## EXERCISE
Find the line containing "lit का क्या अर्थ है" in the entries below. Restate it and each line after it, word for word, up to and including the line containing "Vector vintage border".

BEGIN RECORDS SUPPLIED

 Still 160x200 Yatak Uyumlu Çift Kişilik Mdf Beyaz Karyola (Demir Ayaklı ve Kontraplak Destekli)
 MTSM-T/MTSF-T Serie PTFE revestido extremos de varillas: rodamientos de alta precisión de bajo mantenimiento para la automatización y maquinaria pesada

END RECORDS SUPPLIED
BEGIN RECORDS SUPPLIED

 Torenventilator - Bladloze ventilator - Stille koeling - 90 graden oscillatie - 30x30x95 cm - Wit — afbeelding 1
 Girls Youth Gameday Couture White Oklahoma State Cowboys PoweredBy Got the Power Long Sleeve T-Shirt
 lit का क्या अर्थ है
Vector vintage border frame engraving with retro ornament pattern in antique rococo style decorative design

END RECORDS SUPPLIED

## RESULT FOR THIS TASK
 lit का क्या अर्थ है
Vector vintage border frame engraving with retro ornament pattern in antique rococo style decorative design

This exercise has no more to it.